# Assignment:
Instruction for the listing below: copy exactly, and only, the lines from the one holding "JUAL Rumah Second" through its last line, omitting any picture.

# Data extract:
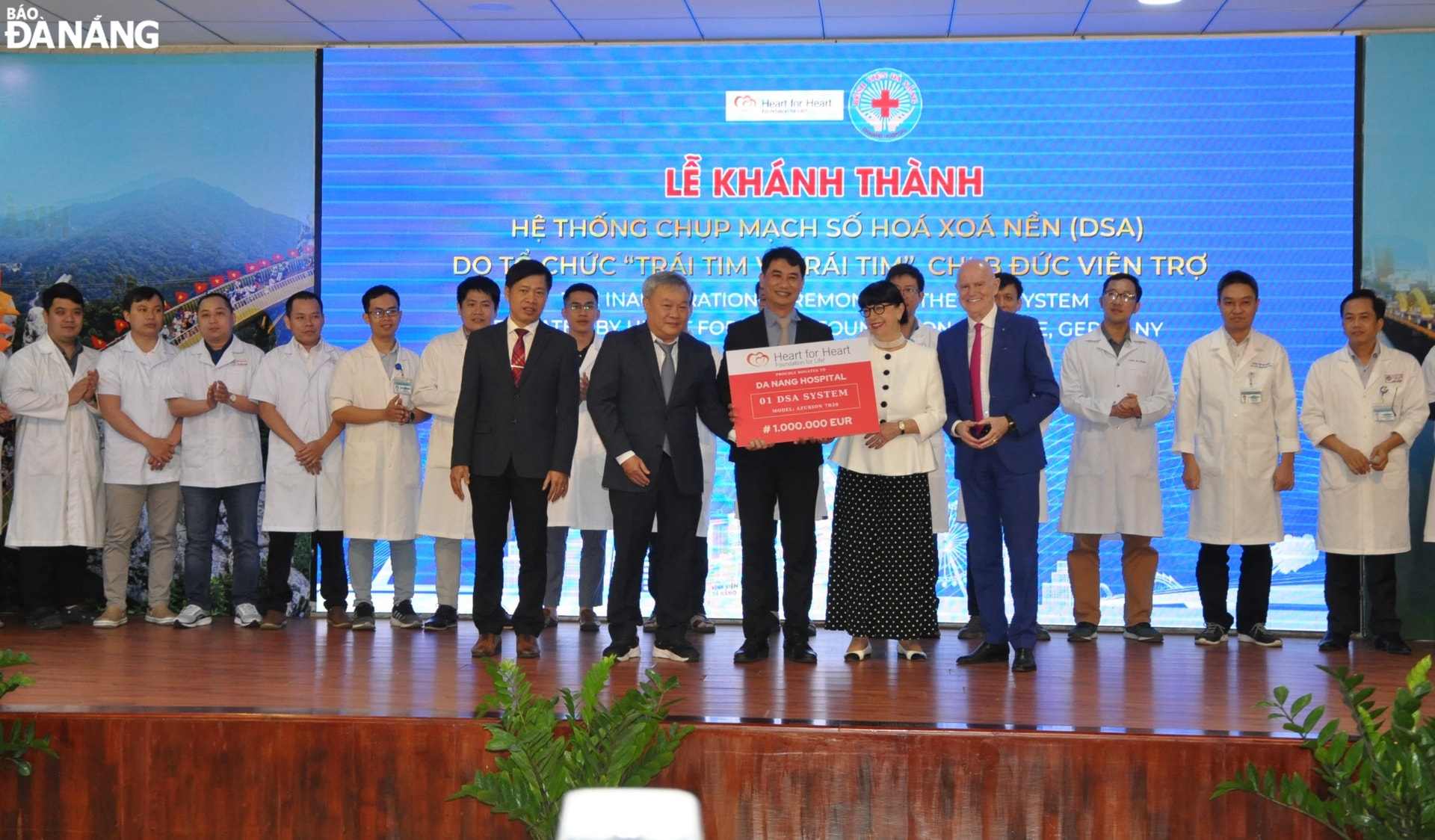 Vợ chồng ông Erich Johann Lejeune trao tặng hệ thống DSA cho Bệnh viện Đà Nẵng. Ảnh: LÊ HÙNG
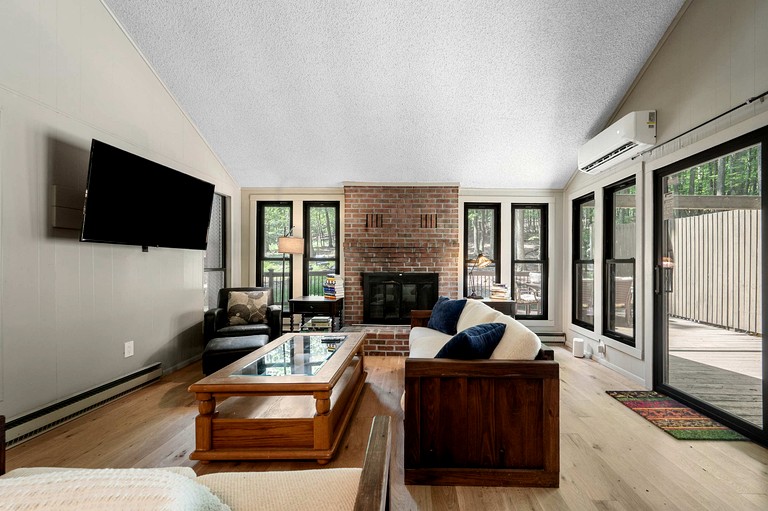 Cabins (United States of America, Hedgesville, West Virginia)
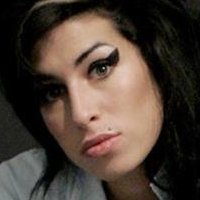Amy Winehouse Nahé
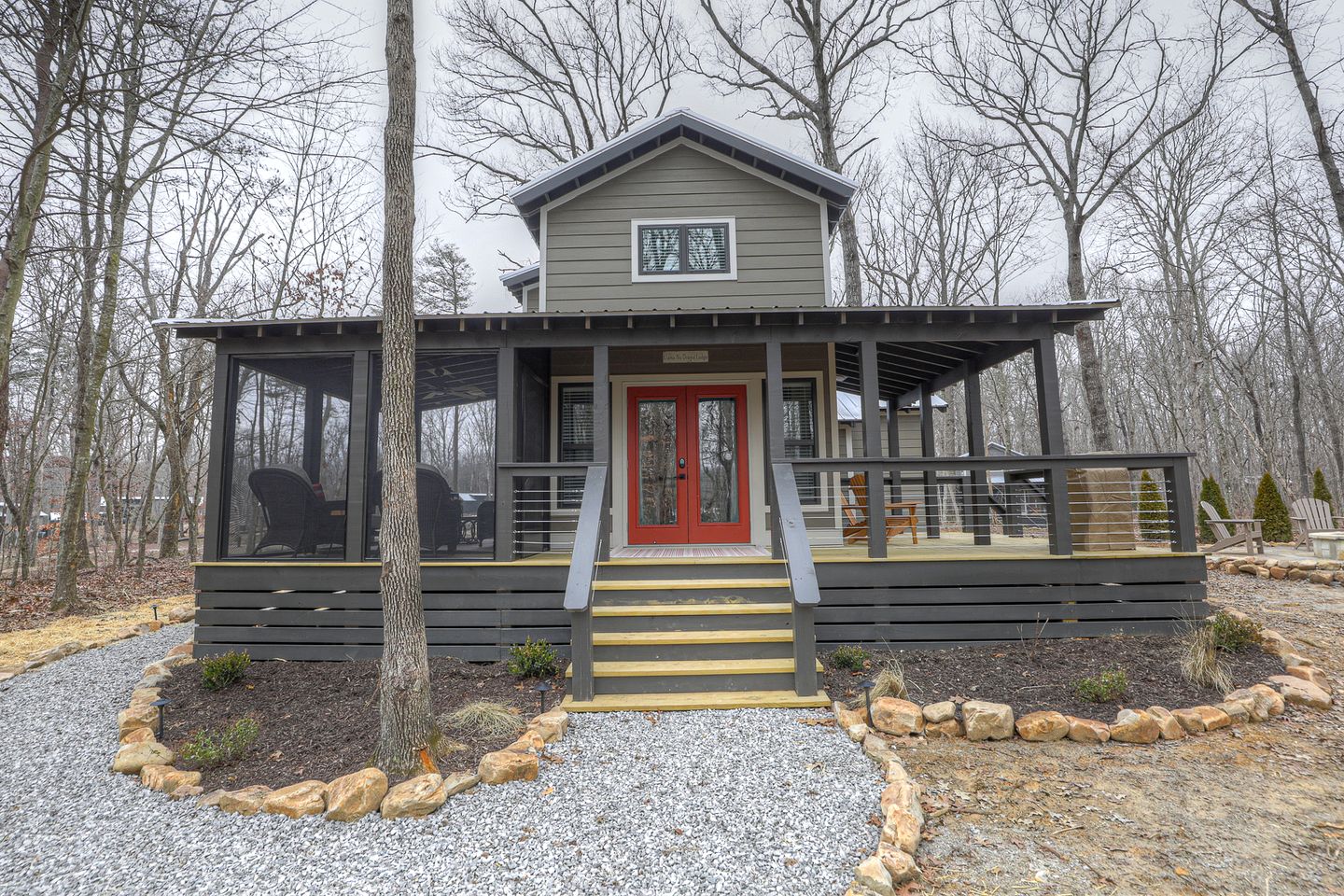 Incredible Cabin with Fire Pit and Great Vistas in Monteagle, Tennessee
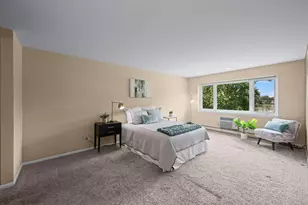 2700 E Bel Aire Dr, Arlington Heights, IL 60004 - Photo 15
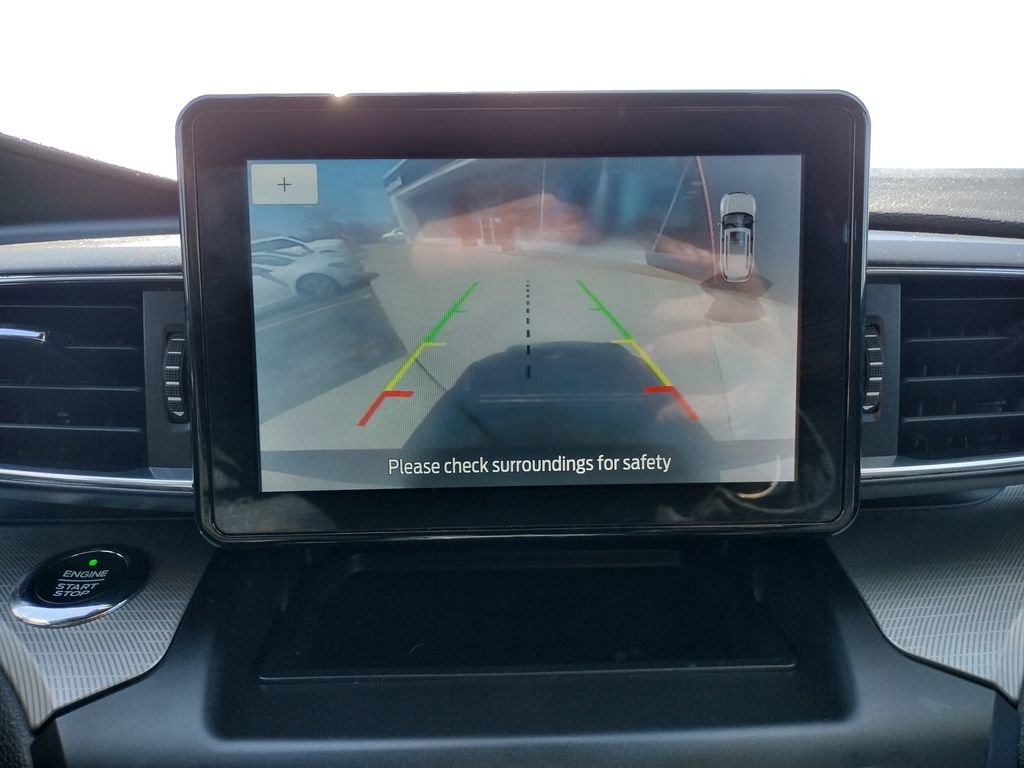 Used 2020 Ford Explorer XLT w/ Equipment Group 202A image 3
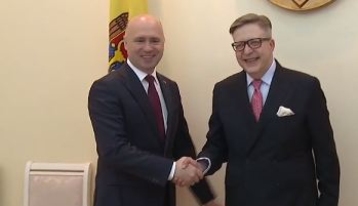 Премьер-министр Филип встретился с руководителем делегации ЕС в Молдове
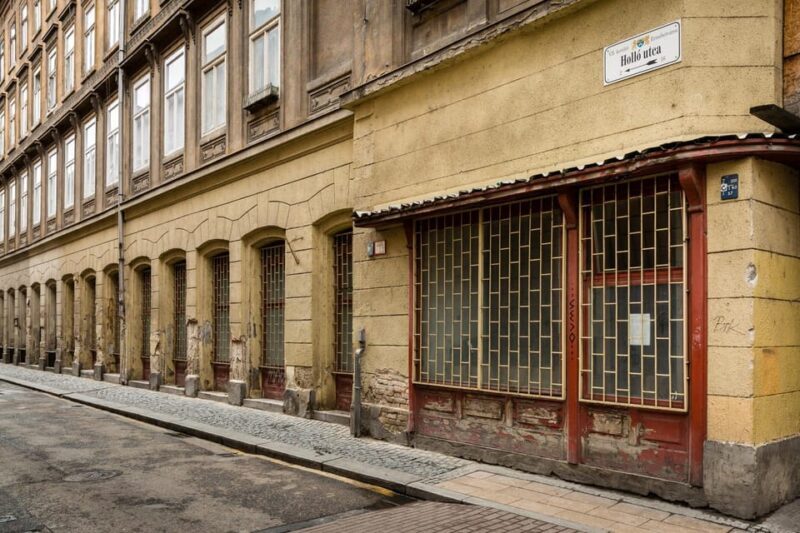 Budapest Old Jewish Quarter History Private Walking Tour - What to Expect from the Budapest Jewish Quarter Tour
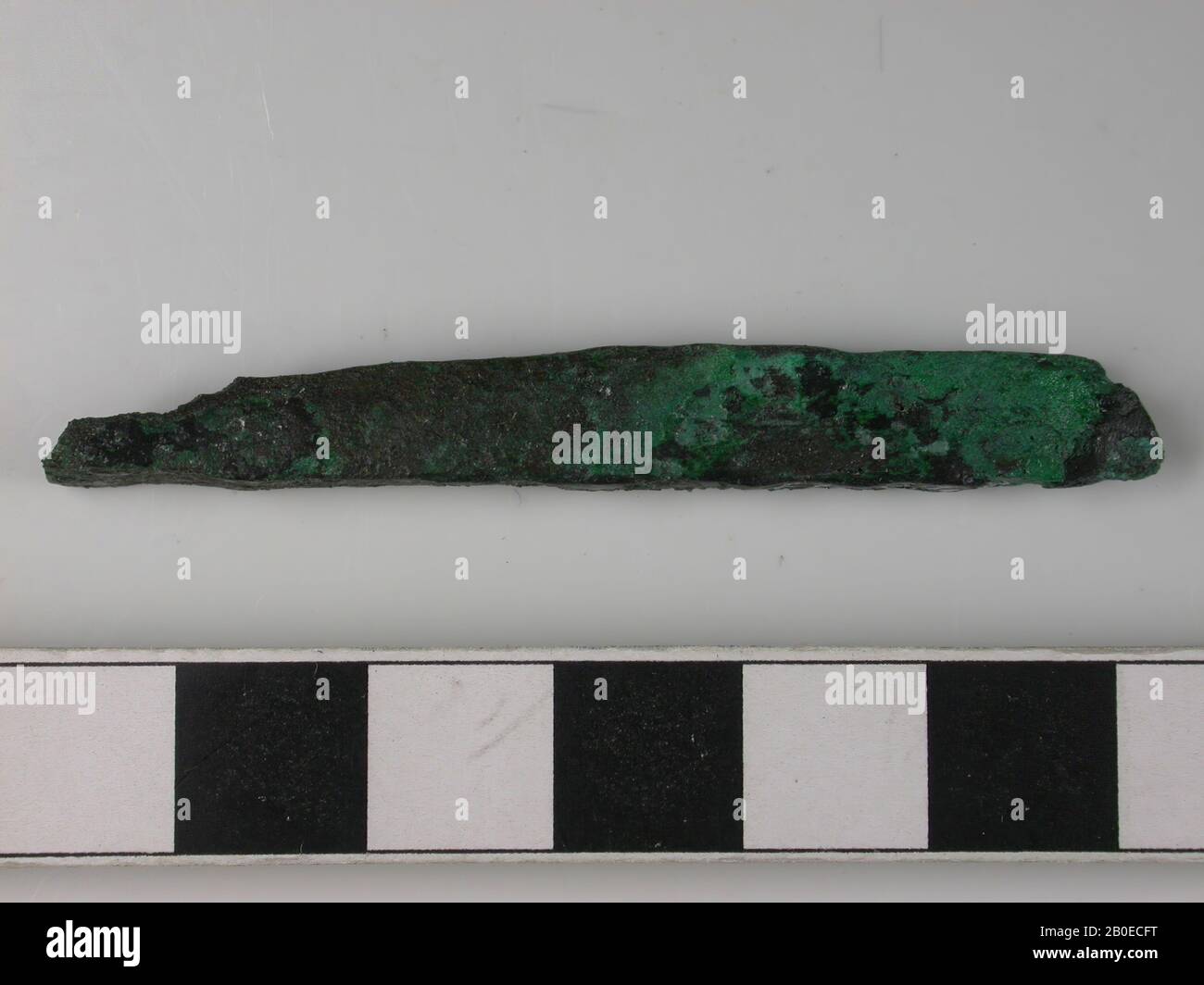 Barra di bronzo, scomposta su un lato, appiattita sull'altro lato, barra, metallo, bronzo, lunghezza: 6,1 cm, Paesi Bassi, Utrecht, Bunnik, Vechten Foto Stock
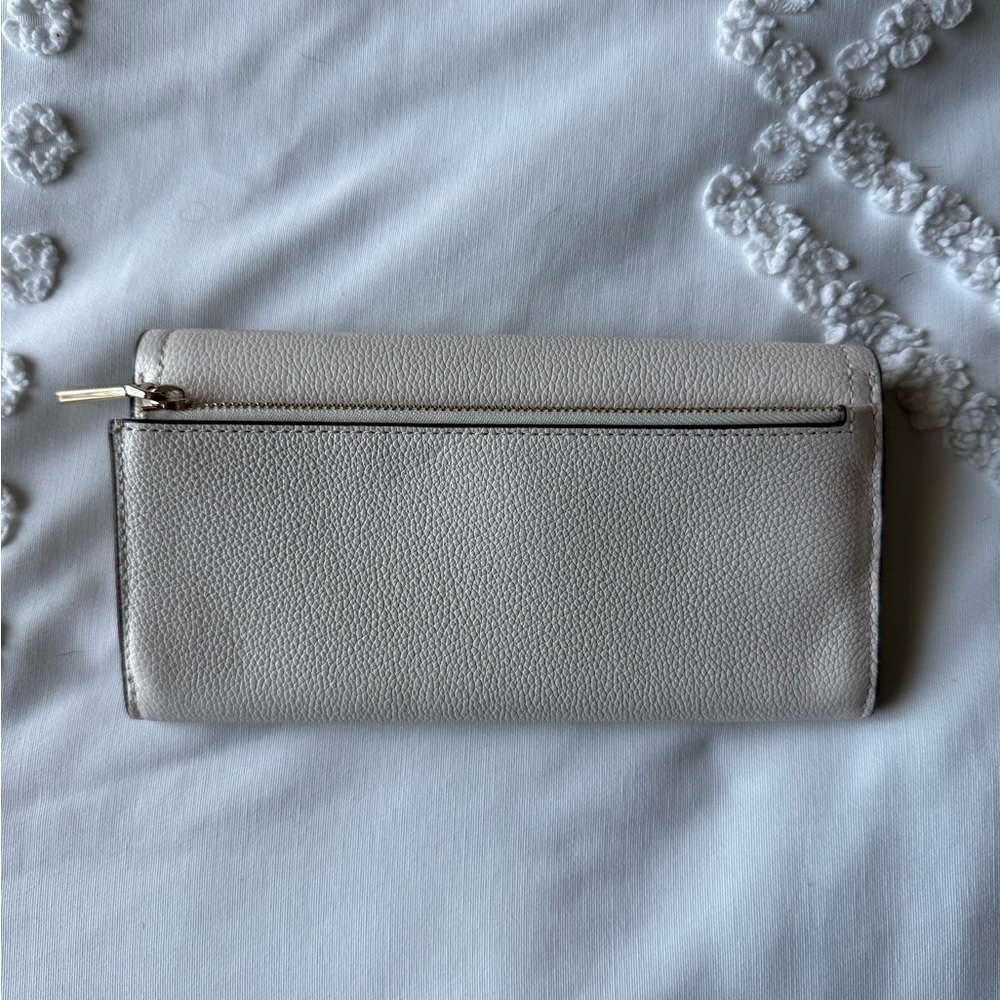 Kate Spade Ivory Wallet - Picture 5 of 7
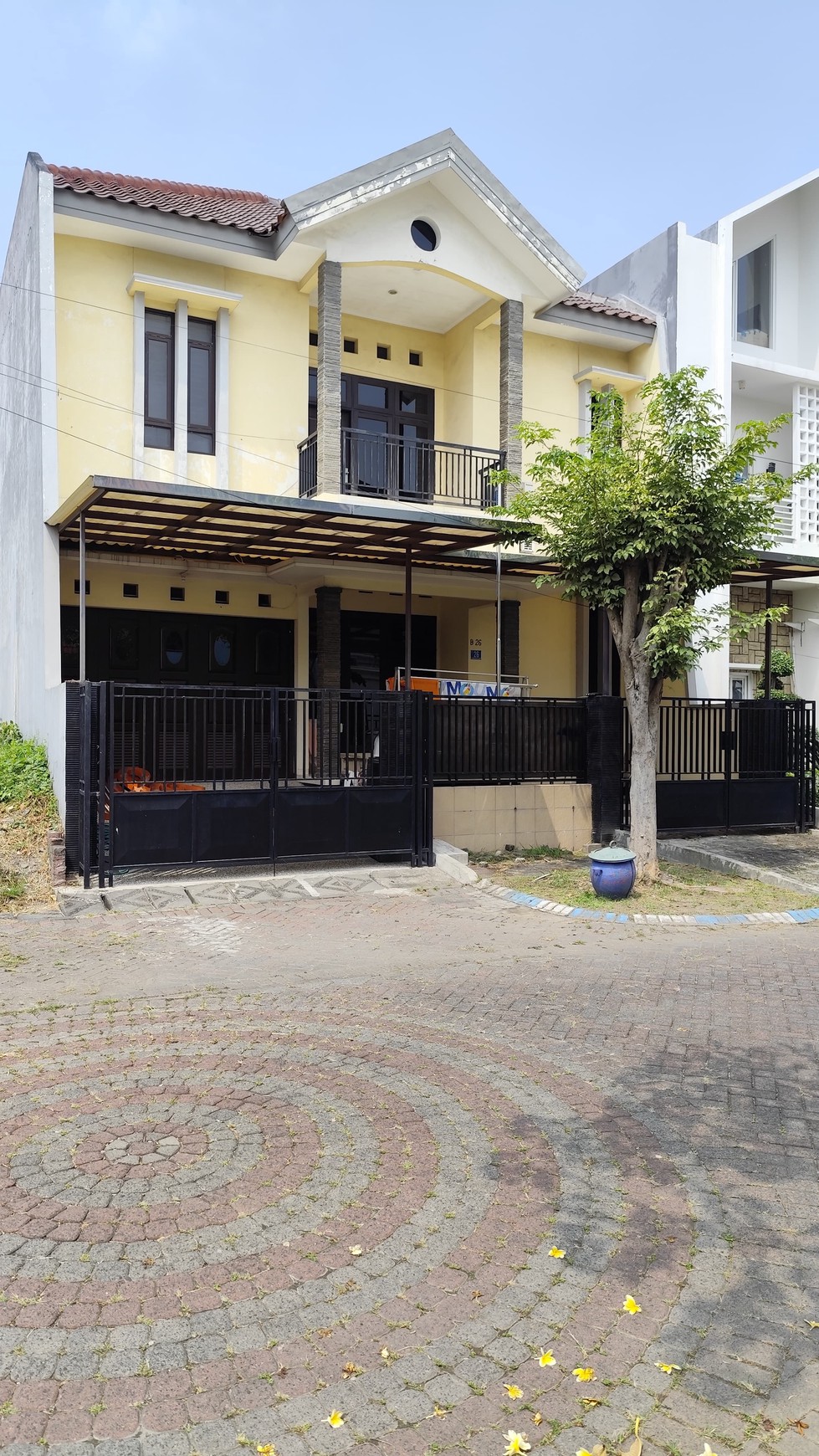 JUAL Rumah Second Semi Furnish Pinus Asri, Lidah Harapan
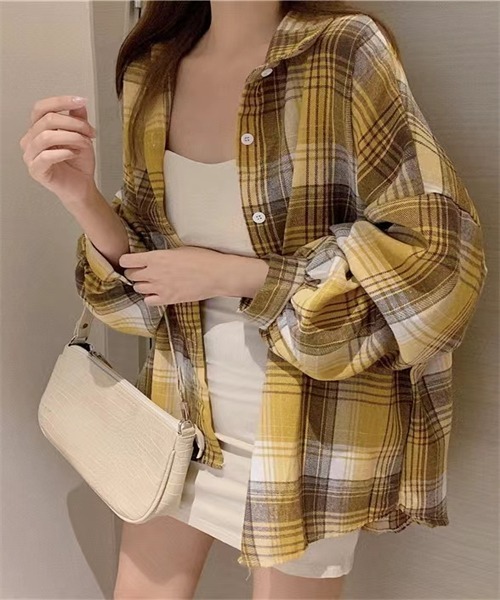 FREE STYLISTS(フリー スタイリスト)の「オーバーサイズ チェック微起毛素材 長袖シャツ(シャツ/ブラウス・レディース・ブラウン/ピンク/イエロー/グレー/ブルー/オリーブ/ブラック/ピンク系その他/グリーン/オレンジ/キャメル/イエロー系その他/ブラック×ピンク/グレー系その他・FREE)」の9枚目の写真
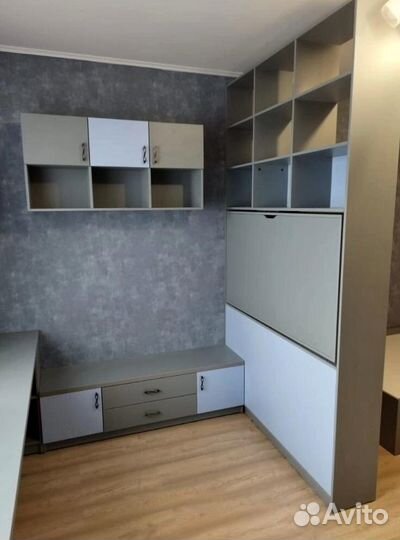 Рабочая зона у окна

# Task answer:
 JUAL Rumah Second Semi Furnish Pinus Asri, Lidah Harapan
 FREE STYLISTS(フリー スタイリスト)の「オーバーサイズ チェック微起毛素材 長袖シャツ(シャツ/ブラウス・レディース・ブラウン/ピンク/イエロー/グレー/ブルー/オリーブ/ブラック/ピンク系その他/グリーン/オレンジ/キャメル/イエロー系その他/ブラック×ピンク/グレー系その他・FREE)」の9枚目の写真
 Рабочая зона у окна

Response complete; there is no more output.